Now if you wanted to go **further** back to $ w[i] $ and $ x[i] $, you'd apply:

$$
\frac{\partial m_i}{\partial w[i]} = x[i]
\quad\text{and}\quad
\frac{\partial m_i}{\partial x[i]} = w[i]
$$

So in practice:
$$
\frac{\partial L}{\partial w[i]} = \frac{\partial L}{\partial m_i} \cdot \frac{\partial m_i}{\partial w[i]} = 1 \cdot x[i]
$$
Same goes for $ x[i] $.

---

## 🧠 So Why Not Always Do This?

Because in most practical neural net frameworks and math notations:
- We **fuse** these operations to save time/memory.
- We **already know the structure** of how $ z $ is computed (it’s linear), so we can directly differentiate $ z $ w.r.t. $ w[i] $, $ x[i] $, or $ b $ **without explicitly naming the intermediate products**.

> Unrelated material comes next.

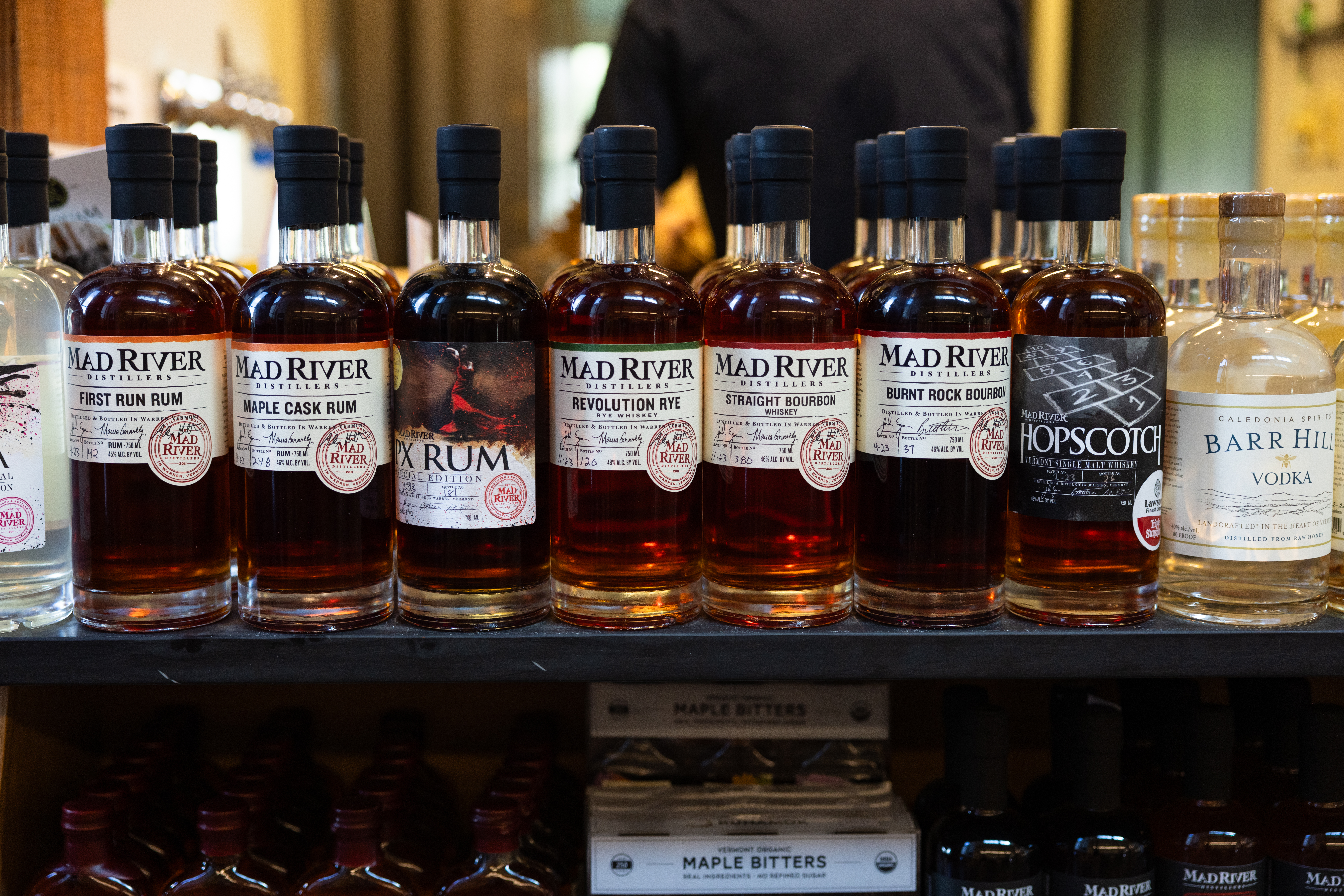 mad river distillers bottles lined up on a shelf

But it's 100% valid and often helpful to think in those intermediate steps, especially if you're:
- Building a framework from scratch
- Debugging a gradient issue
- Teaching or explaining the chain rule

---

### TL;DR

You **can** calculate derivatives w.r.t. those intermediate multiplication results (the "sums of the first layer"), and sometimes it’s useful for clarity. But it's usually skipped because we go straight to the gradients of the loss w.r.t. the parameters using known derivatives of the full expression.